Integration of trig. functions

[paulmdrdo]

I have no idea how to solve these. please help.

∫(sinx/1+sinx)dx

∫(sin^2x cos^2x)dx

 

[MarkFL]

Re: integration of trig func.

I will offer some suggestions:

1.) \(\displaystyle \int\frac{\sin(x)}{1+\sin(x)}\,dx\)

Multiply the integrand by \(\displaystyle 1=\frac{1-\sin(x)}{1-\sin(x)}\). Then apply the Pythagorean identity \(\displaystyle 1-\sin^2(\theta)=\cos^2(\theta)\) on the denominator.

2.) \(\displaystyle \int\sin^2(x)\cos^2(x)\,dx\)
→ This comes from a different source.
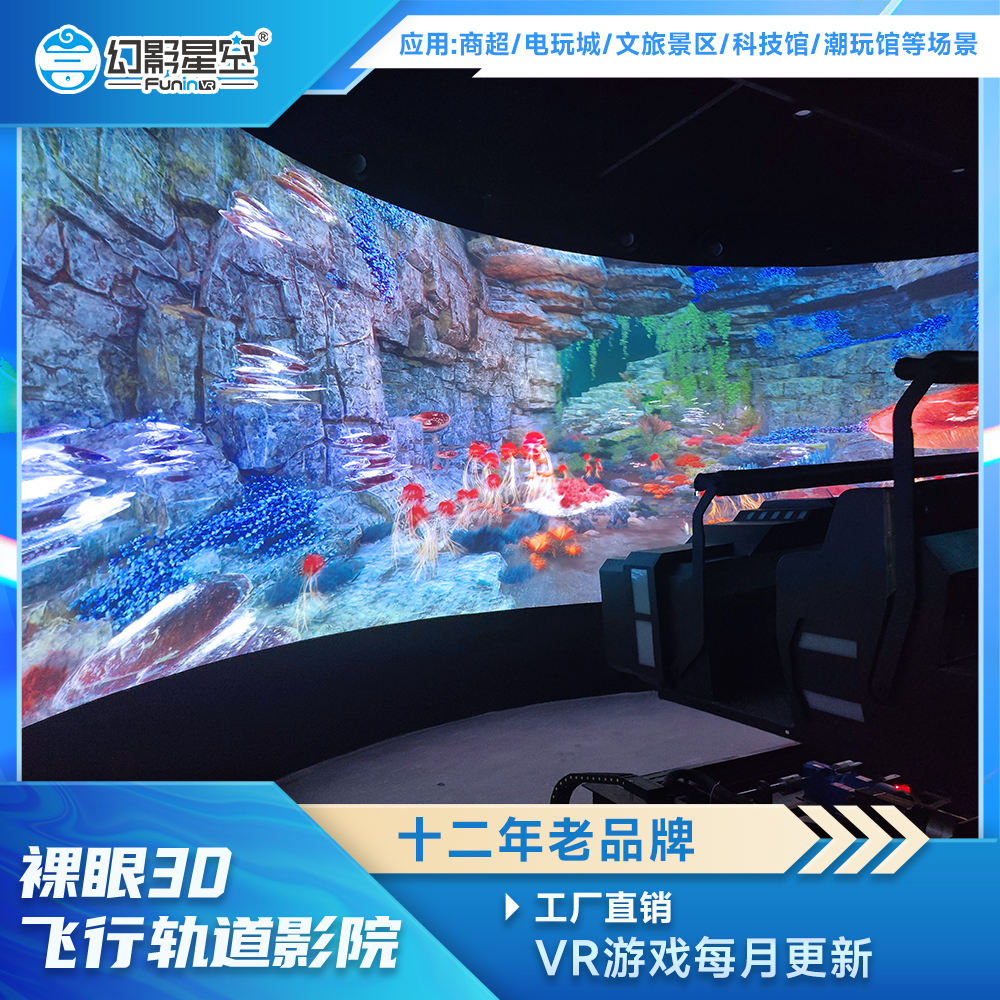 幻影星空飞行动感平台 大型10人座轨道影院 环球影城营销热点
Try the double-angle identity for sine \(\displaystyle \sin(2\theta)=2\sin(\theta)\cos(\theta)\). Then try the power reduction identity for sine \(\displaystyle \sin^2(\theta)=\frac{1-\cos(2\theta)}{2}\).

 

[SuperSonic4]

Re: integration of trig func.

Then try the power reduction identity for sine \(\displaystyle \sin^2(\theta)=\frac{1-\cos(2\theta)}{2}\).

You [OP] can also reach this result by using the double angle identity for cos if you're unfamiliar with the power reduction identity. See spoiler for derivation.

Spoiler

Using the addition identity for cos: \(\displaystyle \cos(A+B) = \cos(A)\cos(B) - \sin(A)\sin(B)\)

\(\displaystyle \cos (2A) = \cos(A+A) = \cos^2(A) - \sin^2(A)\)

Using the Pythagorean Identity which MarkFL put in post 2: \(\displaystyle \cos^2(A) = 1 - \sin^2(A)\)

\(\displaystyle \cos(2A) = 1-\sin^2(A) - \sin^2(A) = 1-2\sin^2(A)\)

Now to rearrange it to make \(\displaystyle \sin(A)\) the subject:

\(\displaystyle \sin(A) = \dfrac{1-\cos(2A)}{2}\)